Oh, and a note on the mesh topology. On the low poly, that main cylinder simply goes through the box, they are not manifold.
Ok, by dead UV space I mean its not being used on a detail that's going to be seen. If you have a face with something abutting it or another chunk O geometry inter penetrating it, the covered areas still have UV space assigned to them but that area could be considered "dead" as far as usefulness in displaying textures to the viewer.
Clear as mud still?
Now, it may be there's a reason to keep the geometry all modular and seperated, in which case that's all part of the plan and will have to be lived with at some level. If not, then you could free up that occluded texture space for details that are actually going to be seen with some (minor IMO) rebuilding to make objects manifold.
In Photoshop you can set the selection Feather by pixel value, or you can go into Quick Mask mode and use standard filters and tools on the selection area.
Hope this helps.
MoP - Adding more polys I agree would likely minimize the issue, however, the model shown at the bottom of the post clocks in at 6924 triangles already with 8-vertex cylinders on all the round stuff (it's fairly optimized too), so I'm hoping to avoid adding more polys. Since many cylinders of differing sizes butt up against each other in the different models I'm making, I'm hoping to avoid changing the resolution of those cylinders, since I assume it would look odd (and does to me, at least). I'll try it out though.
Nezach - Thanks for clearing that up. I knew what you meant by dead space in the uv's, but not how it was related to the problem. Oh and what dead space there is I traded for a reduced poly count, so that was a conscious decision. Thanks for pointing that out though, I'll have to remember it if I have similar areas in other models. I can see what you're saying about how to solve the problem though. Scale in the areas with a bad bake on them, so they're hidden by the other geometry, right?
Thanks for the photoshop tips, but they all seem to involve adding to the image - there's no way to scale down a selection and stretch a 2 or 3 pixel margin at the edge of the selection, is there? I realize I'm not saying it very accurately, can't think of how to say it better.
Also - I bevel the meshes instead of creasing them for the highpoly - any opinions on which is the better one to use? Also, that lo-poly can't be subsurfed, it would look horrendous. The high poly is made of individual pieces (each brick is a discrete mesh).
Illusion - Thanks for the tip.

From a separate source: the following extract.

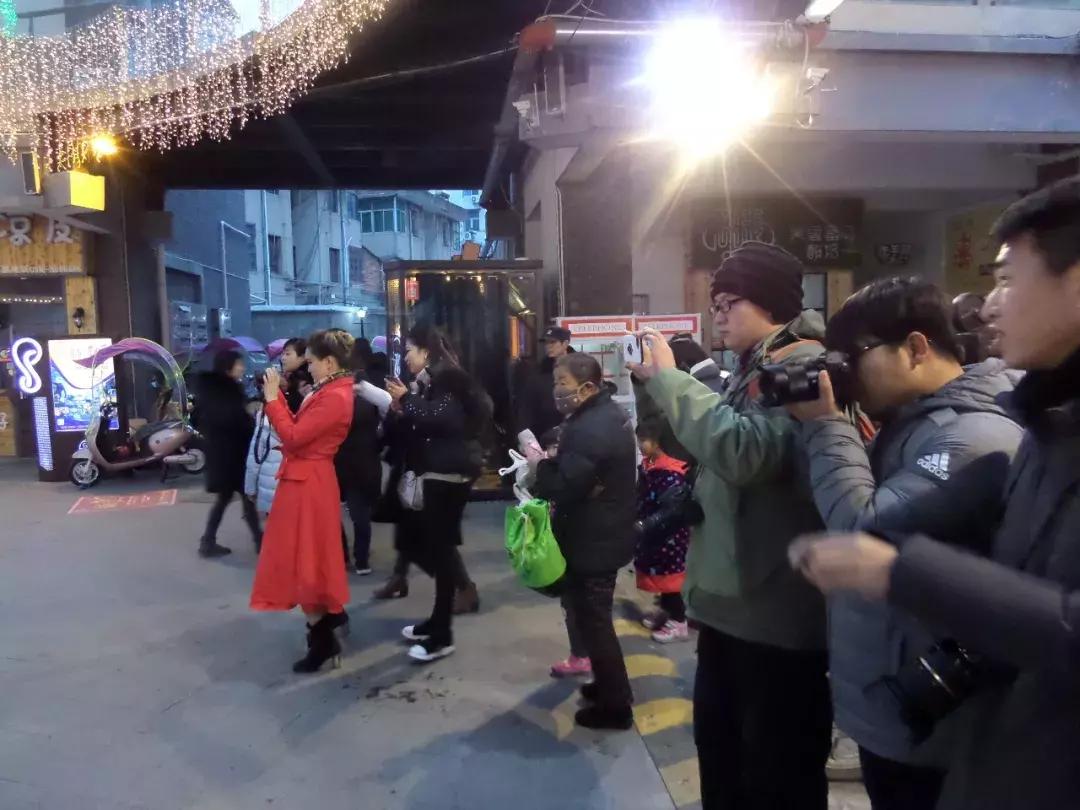 巢湖这条街火了，安徽大V纷纷打Call，登顶头条，刷编网络~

I do that already in fact. Used it to solve the problem on a previous model, but while it would solve the problem on that main segment, it wouldn't work for the smaller cylinders at the front of this model.
Oh, another note on the geometry, the model's mirrored down the centerline if it wasn't apparent already - conscious decision again, the tradeoff between a few extra polys and extra texture space (though that may sound hypocritical in light of my previous comment).

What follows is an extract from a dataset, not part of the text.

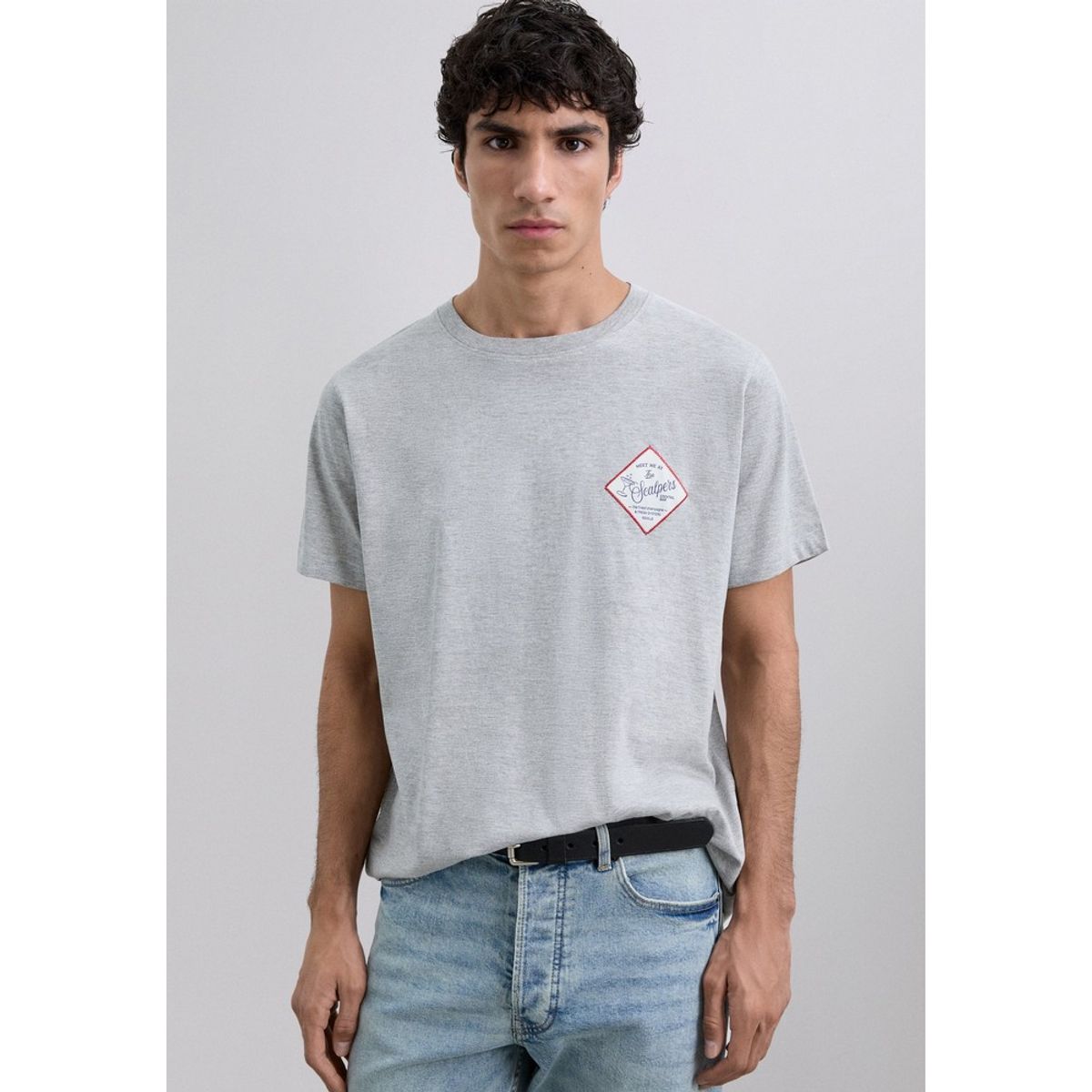 SCALPERS - Polera Parche Bordado Logo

And a final note - I'm somewhat of a perfectionist (or just OCD), so if there's something that I'm missing because I want it to be perfect, and either no one will notice or it's simply a waste of time to be perfect on in these models, just bitchslap me and tell me to settle for "good-enough".

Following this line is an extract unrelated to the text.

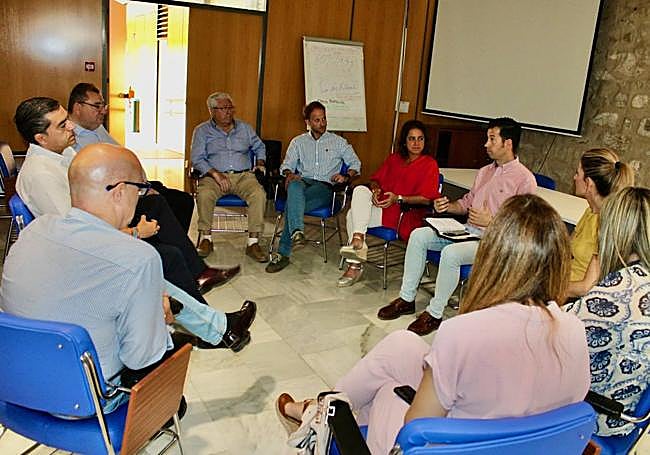 Reunión en Baeza de dirigentes del PP jienense con la Federación Andaluza de Caza,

And a final note, because it inevitably comes up - I think the models look fine with only textured studs (those bumps on top of Lego bricks), and that they add far too much to the poly count to physically model them. Any opinions on studs/no-studs?
Thanks for the comments so far!
-Stefan-
Heres a little bit i wrote up on the exploding mesh stuff, and AO workflows.
Sastrei, it sounds like you are looking for the Expand and Contract options under the Select>Modify menu in Photoshop.
-Stefan-
Nezach - While I don't think the question was directed at me, I set the energy level to 2 (so twice normal) for my ambocc bakes. Blender also has a new noiseless ambocc, called approximate, but it produces some funky results at times. And no, select/contract wasn't what I was looking for, but it was what I ended up using.